Lucy Powell, the party’s deputy leader, hit on a similar theme when she held a post-mortem for colleagues after the Gorton and Denton by-election. She said that the lesson to be drawn from that defeat was that the party “must give people a reason to vote Labour and give a better account of our purpose, values and record”. Labour’s analysis found that protest voters were still willing to return to the party, she informed them, but had wanted to send a protest vote.
A key part of Labour’s approach to defeating the Greens is to sell its own achievements in office: its renters’ reforms, employment rights, childcare support and the lifting of millions of children out of poverty by scrapping the two-child benefit cap. Labour can’t win against the Greens by decrying them as dangerous or silly, goes the thinking, but by providing the progressive, hopeful option that voters – Labour’s core voters – are looking for.

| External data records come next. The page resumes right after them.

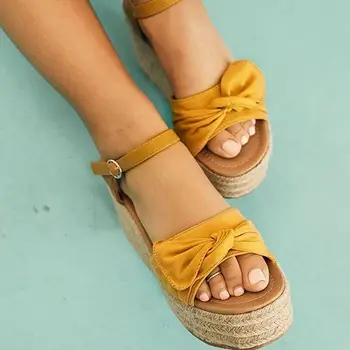 

Women Sandals Gladiator Flats Sandals 2020 Summer Shoes Peep Toe Yellow Leopard Women Platform Sandalias Mujer Size 35-43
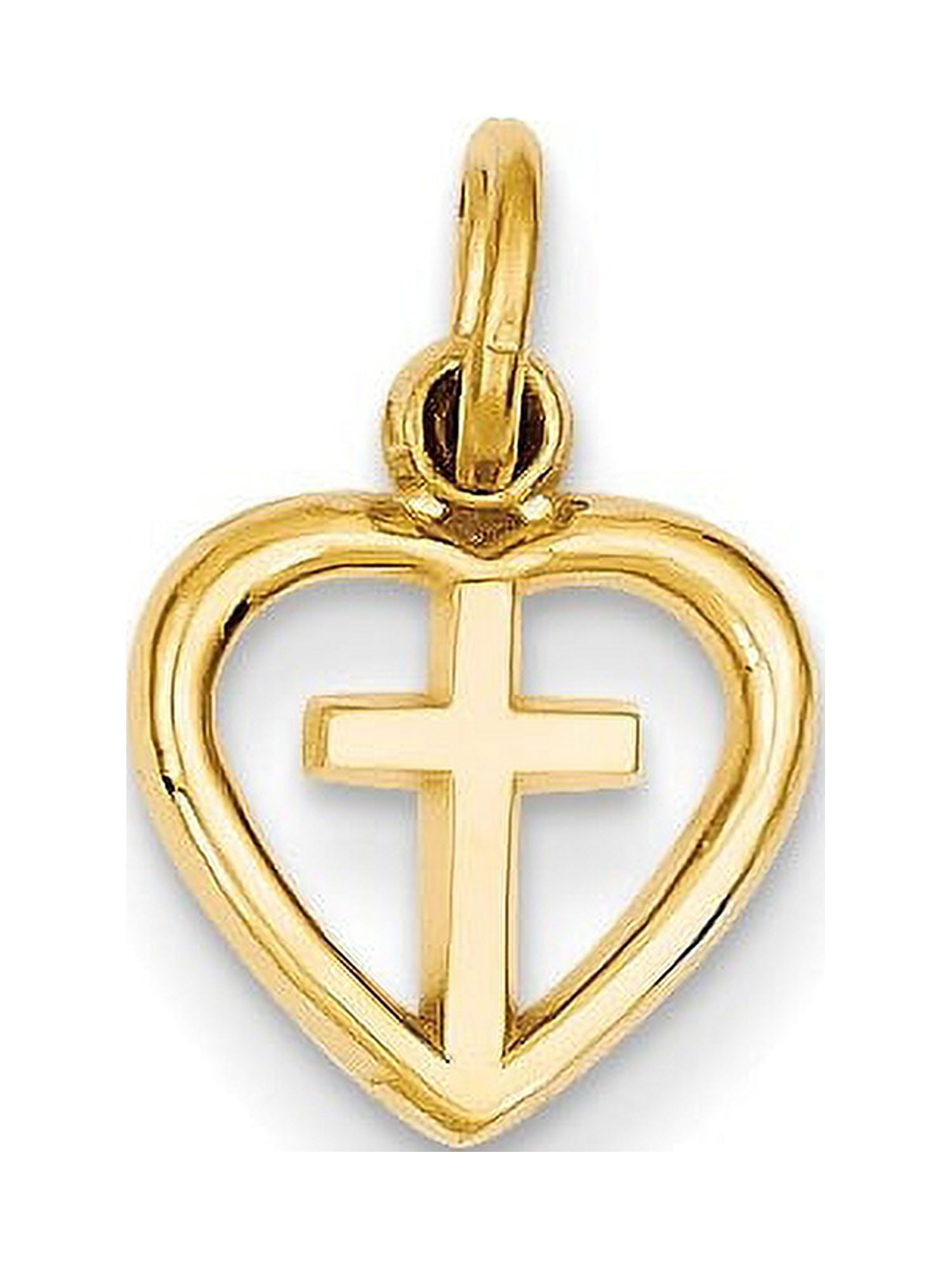 MIA DIAMONDS 14K Yellow Gold Crossin Heart Charm (16mm x 10mm)
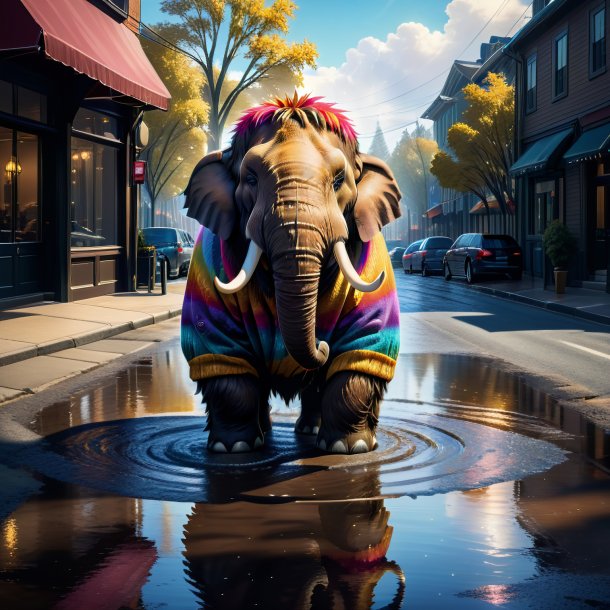 Drawing of a mammoth in a sweater in the puddle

Yet Labour has also decided to get its “boxing gloves on”, as one insider describes it. They believe there is political ground to be gained from exposing Polanski as a person. “He does seem to give people a bit of an ick,” is how one Labour source puts it. The party intends to draw attention to Polanski’s switch from the Liberal Democrats to the Greens, as well as to the claim he once made that he could enlarge women’s breasts through hypnosis, which Labour insiders describe as “very weird, as well as misogynistic”. Polanski has apologised for that embarrassing incident, and the team around him believe that any damage it has caused to his reputation is now “baked in” to his poll ratings. Labour isn’t so sure, pointing to polling showing that Polanski’s approval ratings dip when voters are made aware of the hypnosis story.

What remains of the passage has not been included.